Friday, December 07, 2007

How Africa's Desert Sun Can Bring Europe Power

Europe is considering plans to spend more than £5bn on a string of giant solar power stations along the Mediterranean desert shores of northern Africa and the Middle East.

More than a hundred of the generators, each fitted with thousands of huge mirrors, would generate electricity to be transmitted by undersea cable to Europe and then distributed across the continent to European Union member nations, including Britain.

Billions of watts of power could be generated this way, enough to provide Europe with a sixth of its electricity needs and to allow it to make significant cuts in its carbon emissions. At the same time, the stations would be used as desalination plants to provide desert countries with desperately needed supplies of fresh water.

The Desertec project envisages a ring of a thousand of these stations being built along the coast of northern Africa and round into the Mediterranean coast of the Middle East. In this way up to 100 billion watts of power could be generated: two thirds of it would be kept for local needs, the rest - around 30 billion watts - would be exported to Europe.

Europe would provide initial funds for developing the solar technology that will be needed to run plants as well as money for constructing prototype stations. After that, banks and financial institutions, as well as national governments, would take over the construction programme, which could cost more than £200bn over the next 30 years.

At present electricity generated this way would cost around 15-20 eurocents (11 to 14p) a kilowatt-hour - almost twice the cost of power generated by coal. However, Desertec's backers say improvements over the next decade should bring the cost of power from its plants to less than 10 eurocents a kilowatt-hour, making it competitive with traditionally generated power.
I wonder how the costs of this energy compares with renewable energy generated in Germany with all of their subsidies. If this is cheaper seems like a better way to go.

via Guardian via TreeHugger and Worldwide Sawdust


Michael said...

There is a new world wide web emerging right before our eyes.
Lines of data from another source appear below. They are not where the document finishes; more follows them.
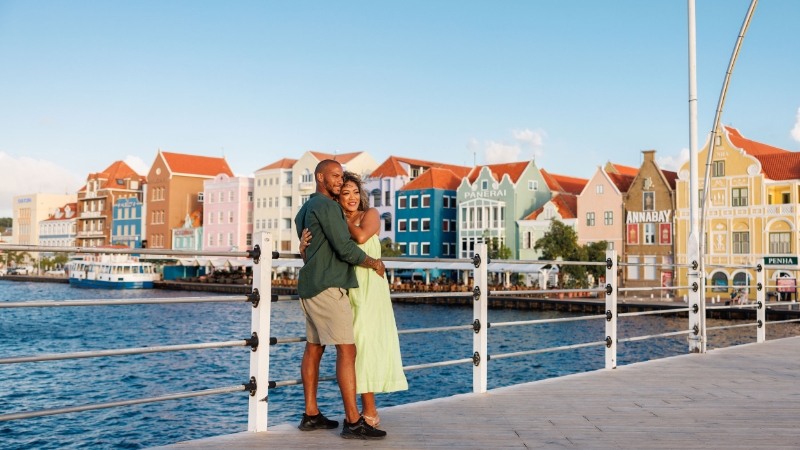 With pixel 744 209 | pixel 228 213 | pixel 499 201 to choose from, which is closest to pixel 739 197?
pixel 744 209

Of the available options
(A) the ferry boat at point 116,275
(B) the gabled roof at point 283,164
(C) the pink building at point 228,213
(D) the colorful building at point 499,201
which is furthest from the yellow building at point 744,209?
(A) the ferry boat at point 116,275

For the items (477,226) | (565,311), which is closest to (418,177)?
(477,226)

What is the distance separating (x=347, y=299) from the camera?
15.9ft

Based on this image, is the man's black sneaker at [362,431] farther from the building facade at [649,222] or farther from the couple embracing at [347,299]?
the building facade at [649,222]

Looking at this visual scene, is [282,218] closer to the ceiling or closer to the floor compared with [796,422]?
closer to the ceiling

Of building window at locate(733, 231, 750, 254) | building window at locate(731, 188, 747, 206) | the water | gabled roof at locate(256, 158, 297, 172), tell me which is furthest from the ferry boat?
building window at locate(731, 188, 747, 206)

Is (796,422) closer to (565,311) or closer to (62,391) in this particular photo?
(62,391)

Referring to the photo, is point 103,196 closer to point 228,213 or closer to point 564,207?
point 228,213

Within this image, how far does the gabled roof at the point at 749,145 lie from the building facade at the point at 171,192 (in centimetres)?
5880

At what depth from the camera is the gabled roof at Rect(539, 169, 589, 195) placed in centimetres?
6226

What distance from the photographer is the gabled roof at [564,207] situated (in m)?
57.4

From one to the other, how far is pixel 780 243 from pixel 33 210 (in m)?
106

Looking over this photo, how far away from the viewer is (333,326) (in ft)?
15.6

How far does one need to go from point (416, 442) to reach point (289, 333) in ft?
95.7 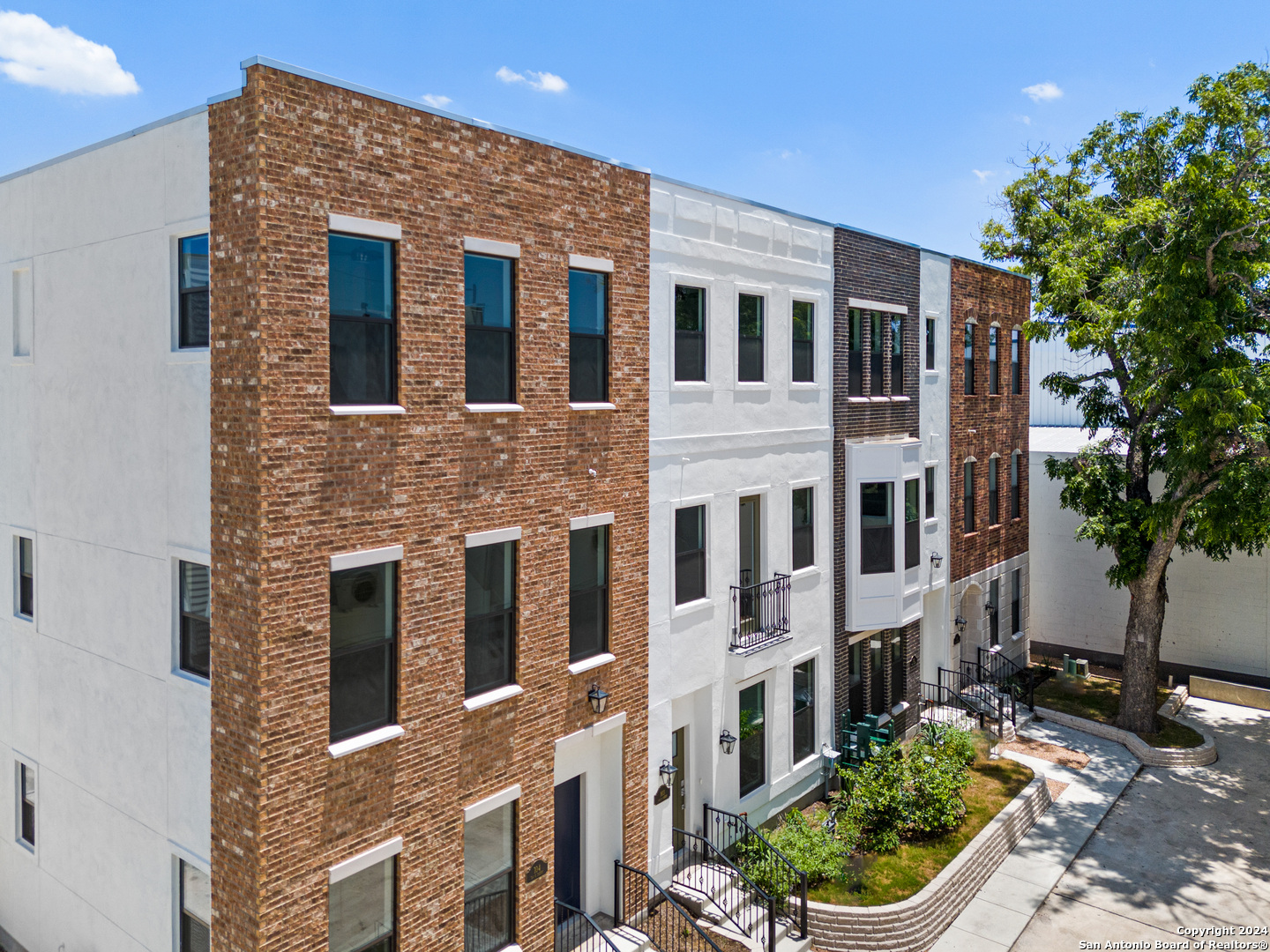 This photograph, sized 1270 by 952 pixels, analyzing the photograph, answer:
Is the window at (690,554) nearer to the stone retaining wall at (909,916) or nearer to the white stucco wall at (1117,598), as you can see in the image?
the stone retaining wall at (909,916)

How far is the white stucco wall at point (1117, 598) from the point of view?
960 inches

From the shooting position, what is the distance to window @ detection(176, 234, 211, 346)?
29.8 ft

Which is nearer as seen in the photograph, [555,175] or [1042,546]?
[555,175]

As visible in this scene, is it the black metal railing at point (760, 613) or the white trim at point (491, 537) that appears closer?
the white trim at point (491, 537)

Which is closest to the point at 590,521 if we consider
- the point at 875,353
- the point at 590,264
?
the point at 590,264

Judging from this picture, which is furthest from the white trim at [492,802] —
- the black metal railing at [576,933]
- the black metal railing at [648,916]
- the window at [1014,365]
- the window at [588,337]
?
the window at [1014,365]

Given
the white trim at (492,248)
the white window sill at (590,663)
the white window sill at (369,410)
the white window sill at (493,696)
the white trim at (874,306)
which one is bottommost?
the white window sill at (493,696)

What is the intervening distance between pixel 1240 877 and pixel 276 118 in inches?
721

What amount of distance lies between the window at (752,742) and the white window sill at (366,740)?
23.5ft

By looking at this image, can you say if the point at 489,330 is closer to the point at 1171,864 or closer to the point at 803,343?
the point at 803,343

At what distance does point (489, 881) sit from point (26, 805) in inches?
284

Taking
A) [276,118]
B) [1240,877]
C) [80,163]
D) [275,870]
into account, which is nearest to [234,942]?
[275,870]

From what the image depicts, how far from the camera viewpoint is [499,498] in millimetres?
10609

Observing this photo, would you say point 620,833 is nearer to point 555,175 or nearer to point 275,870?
point 275,870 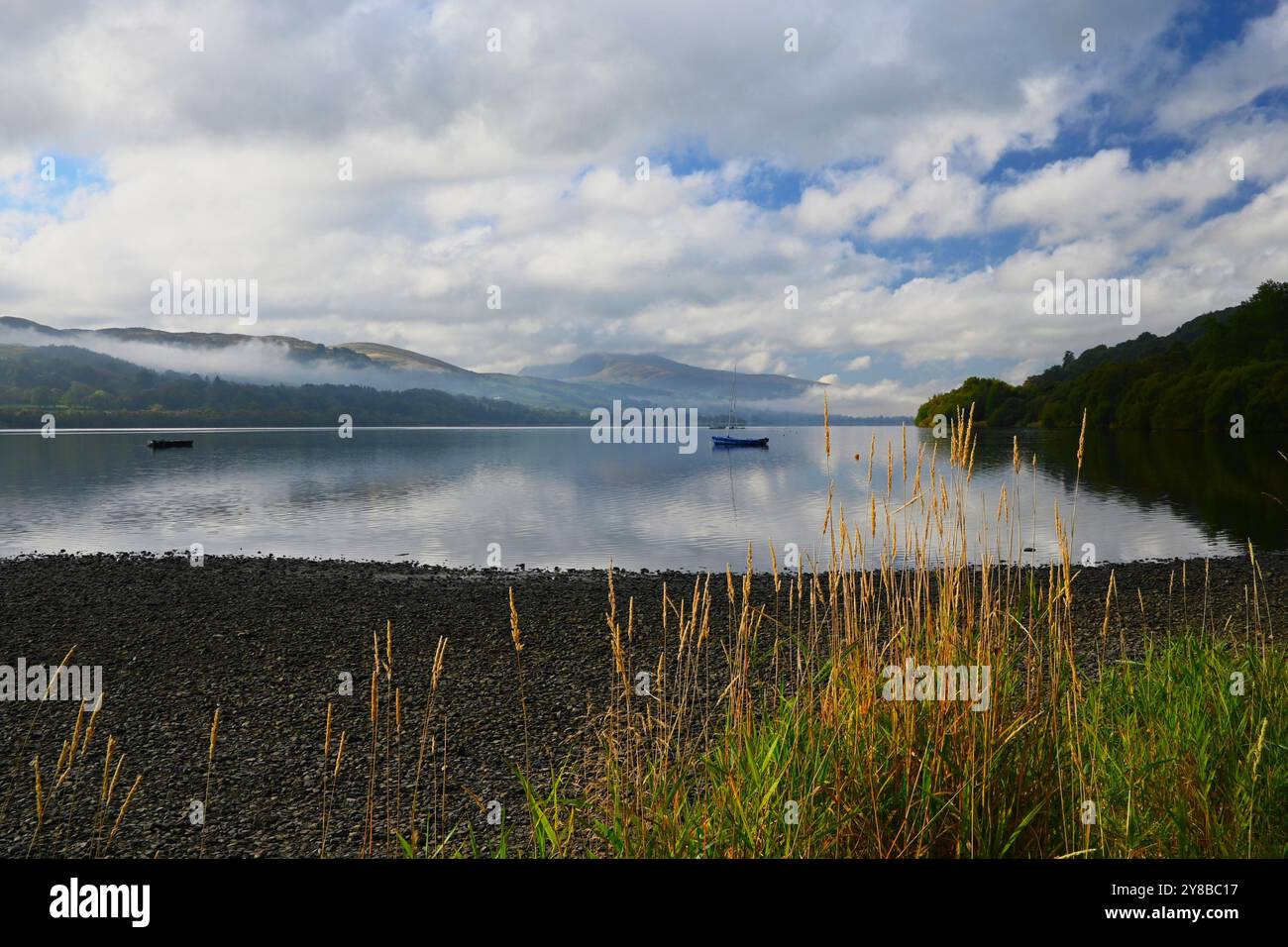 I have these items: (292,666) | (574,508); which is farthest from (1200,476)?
(292,666)

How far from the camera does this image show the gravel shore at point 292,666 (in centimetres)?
752

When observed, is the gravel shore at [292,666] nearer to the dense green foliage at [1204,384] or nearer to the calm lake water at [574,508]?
the calm lake water at [574,508]

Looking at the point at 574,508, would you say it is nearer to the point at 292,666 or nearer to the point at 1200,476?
the point at 292,666

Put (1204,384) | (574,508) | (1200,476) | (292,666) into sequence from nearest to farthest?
1. (292,666)
2. (574,508)
3. (1200,476)
4. (1204,384)

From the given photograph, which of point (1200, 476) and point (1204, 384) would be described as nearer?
point (1200, 476)

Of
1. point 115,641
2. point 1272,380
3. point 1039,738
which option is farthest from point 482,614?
point 1272,380

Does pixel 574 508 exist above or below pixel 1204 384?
below

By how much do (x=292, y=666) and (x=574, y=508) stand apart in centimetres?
3367

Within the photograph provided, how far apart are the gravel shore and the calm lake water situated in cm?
498

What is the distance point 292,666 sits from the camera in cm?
1279

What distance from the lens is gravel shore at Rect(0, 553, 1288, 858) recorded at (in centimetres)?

It is a global energy network and, like the internet, it will change our culture, society and how we do business. More importantly, it will alter how we use, transform and exchange energy.

For more information, see

Anonymous said...

How will Africa benefit from all this? afterall this was the original idea to expand the desert in Africa, they are making the continent became hot and hotter to steal the energy. What will the African benefit from all this?

Fat Knowledge said...

Africans can rent the land the power plants will be on and/or build the plants themselves and sell the electricity to the Europeans. There will also be maintenance jobs on the power plants for Africans.